Data from the National Early Diagnosis Program, better known as the “heel prick test”, indicate that 18,226 new borns were studied in this first trimester, in the midst of the covid-19 pandemic, the lowest number since 2015.
In relation to the same period in 2020, 2,898 fewer babies were screened (-13.7%), according to data from the National Institute of Health Dr. Ricardo Jorge.
"If this decrease occurs, and if the value remains, we may be facing the minimum historical value of births in Portugal, that is, below 80,000 in the year 2021", said Maria João Valente Rosa.
According to the demographer, "not even in the period of financial crisis, when births in Portugal decreased significantly, was there such a marked decrease".
The births registered in the first quarter of this year were of children conceived between April and June 2020, at a time when the pandemic of covid-19 was “very strong”, reflected in the birth rate.
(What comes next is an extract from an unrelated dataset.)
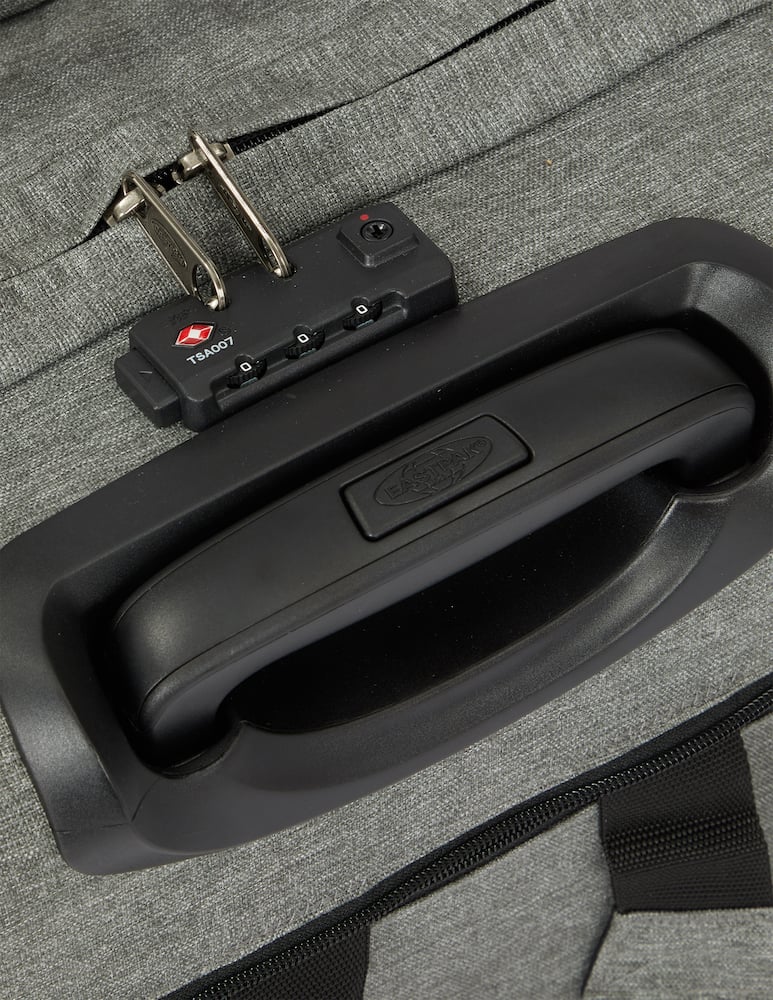 rinascente Eastpak Bagaglio a mano Trolley Strapverz S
"The data reflect the previous nine months of 2020 that have an impact in 2021 and that it will somehow continue because the pandemic has not ended in the meantime", she said, stressing that all babies born in 2021 were conceived during "a whole period marked by the pandemic ”.
For the demographer, what may be at stake with this situation is "a strong postponement" of the parenting project because "people who thought they were conceiving a child were caught up in a very critical moment".
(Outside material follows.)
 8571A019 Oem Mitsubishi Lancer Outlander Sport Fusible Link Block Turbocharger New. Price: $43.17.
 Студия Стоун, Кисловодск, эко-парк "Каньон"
“Children are not conceived by chance, they are very planned, and they are very desired, most of the time, and there is very strong planning”, but when circumstances and environment become “very insecure” this desire is postponed.
As reasons for this postponement, Maria João Valente Rosa pointed out the “great uncertainties in relation to the future, namely in professional and labour terms and the insecurity also associated with monitoring during the gestation period”.